Grew-API for the Arborator-Grew tool

This documentation corresponds to the GitHub.

By default the doc applies to branch master. New features available only on the Dev server are identified by the flag [⚠️DEV⚠️]

Some services or features may be marked with [❌DEPRECATED❌], they will be removed in an upcoming server update.


The Arborator-Grew tool is available on https://arborator.grew.fr.

The grew_server tool is a web server which manages set of annotated graphs with multiple annotations on the same sentence. It is built to be used as an API by the Arborator-Grew graph annotation tool.

Below, we suppose that the server is available on some baseURL.

Annotations are stored with the following hierarchy:

We describe below the list of available services to deal with these levels. All services are called with a base name and with POST parameters. Three types of parameter are used: <string>, <int> and <file>.

All services reply with JSON data of one of this three forms:


Projects

newProject

This service is used to initialise a new empty project. An error is returned if a project with the same name already exists.

getProjects

This service returns the list of existing projects and some metadata for each project.

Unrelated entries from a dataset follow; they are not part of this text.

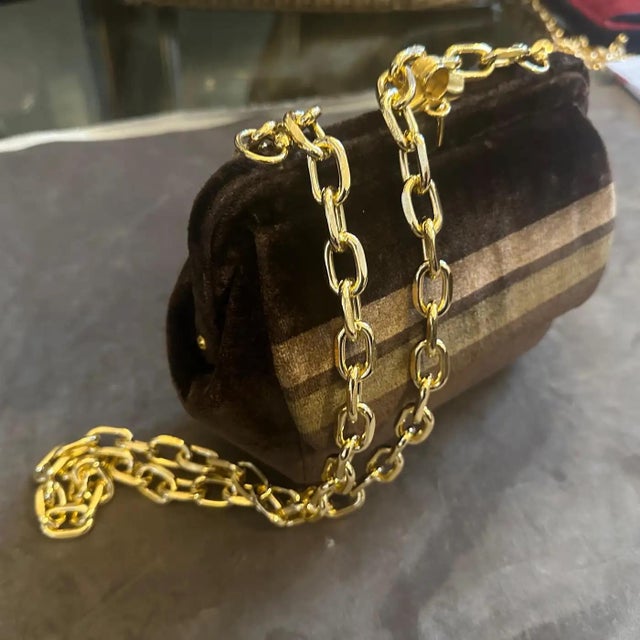 Contemporary 1970s Vintage Brown Velvet and Gilded Metal Italian Crossbody Bag For Sale - Image 3 of 14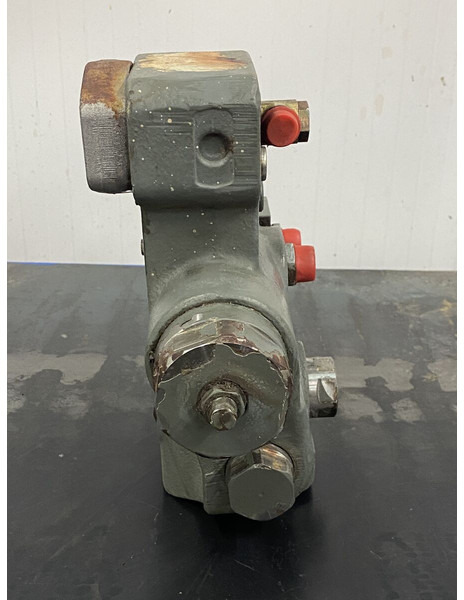 Liebherr - Hydraulika: obrázok 3 Liebherr - Hydraulika: obrázok 3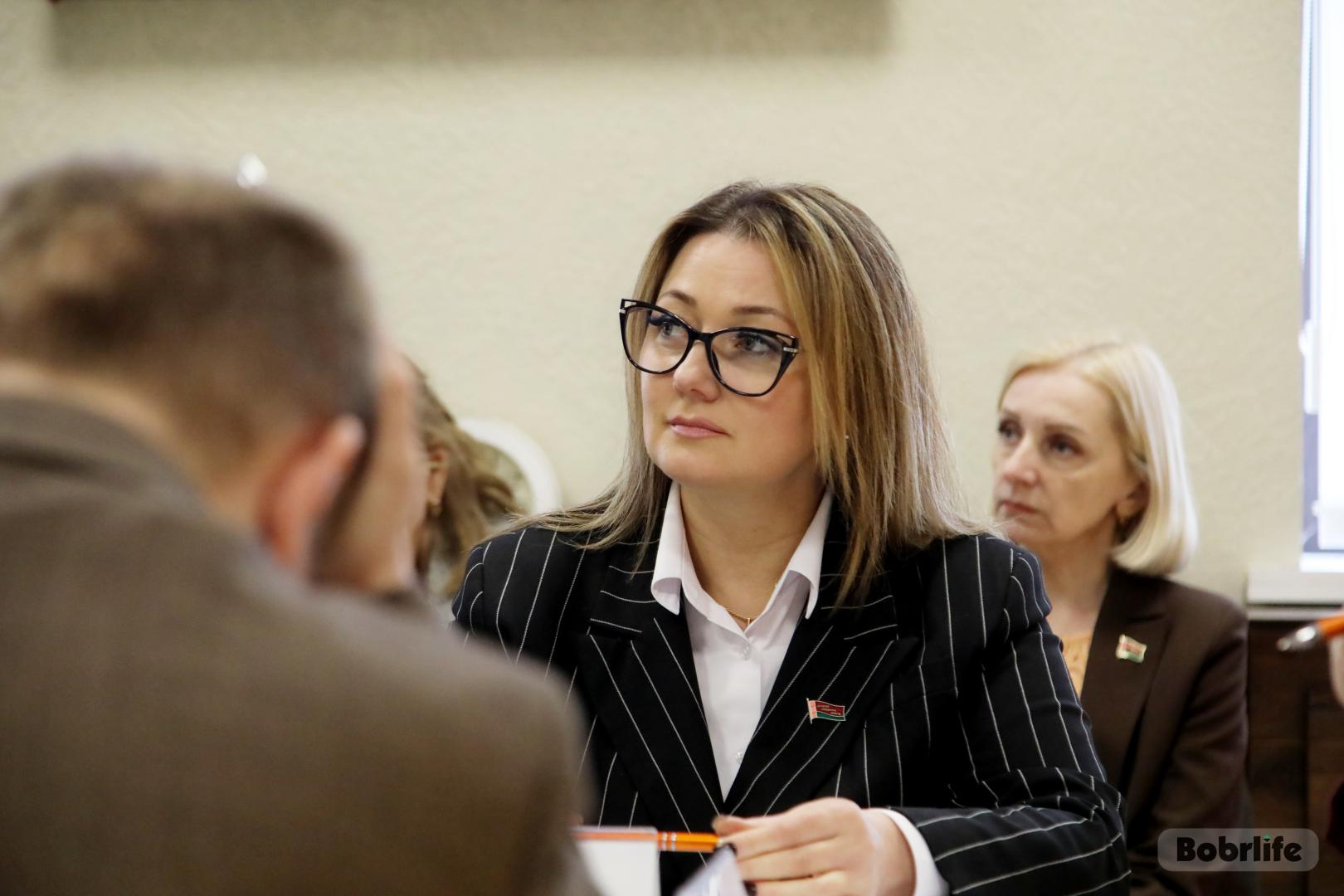В широком спектре социальных вопросов. О работе постоянной комиссии по социальным вопросам Бобруйского горсовета депутатов рассказала Ирина Матузова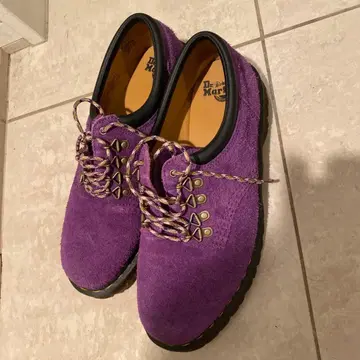 닥터마틴 트레킹 슈즈 퍼플 UK10 컨디션 최상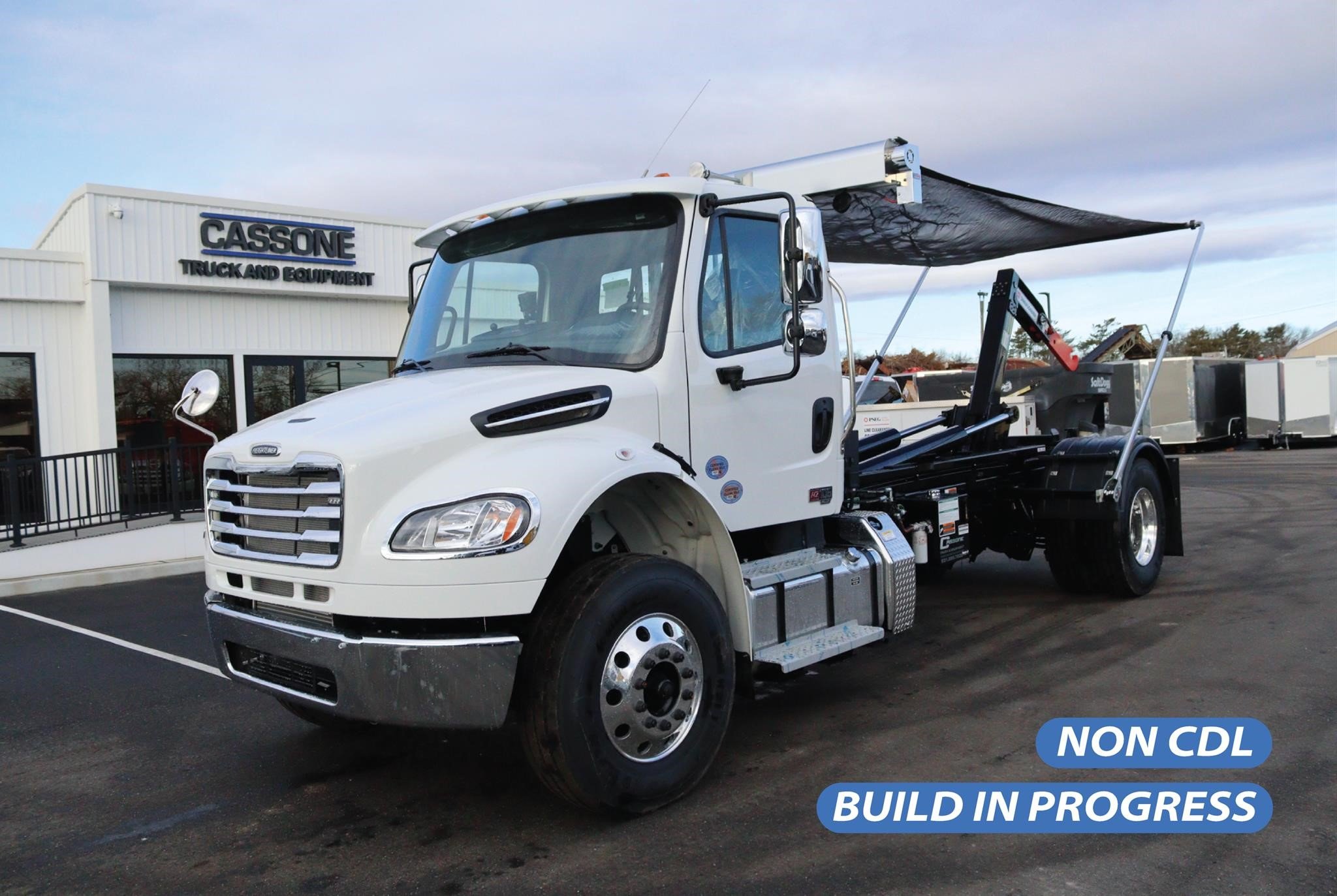 2025 FREIGHTLINER BUSINESS CLASS M2 106 PLUS - image 1 of 6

The returned value is a list of dict:

[
  { 
    "name": "project_1", 
    "number_samples": 23,
    "number_sentences": 45,
    "number_tokens": 574,
    "number_trees": 79,
    "users": [ "Alice", "Bob", "Charlie" ],
  },
  { 
    "name": "project_2"
    "number_samples": 2
    "number_sentences": 4
    "number_tokens": 54
    "number_trees": 9
    "users": [ "Alice", "Bob" ]
  }
]

getUserProjects

The returned value is the same as in the getProjects service but only with projects where the given user_id is in project’s users.

eraseProject

This service is used to remove a project. If the project does not exist, nothing happens.

renameProject

Renaming of an existing project. An error is produced either if project_id does not exists or if new_project_id already exists.


Samples

All services about samples return an error if the requested project does not exist.

newSamples

This service is used to initialise a list of new empty samples in a given project.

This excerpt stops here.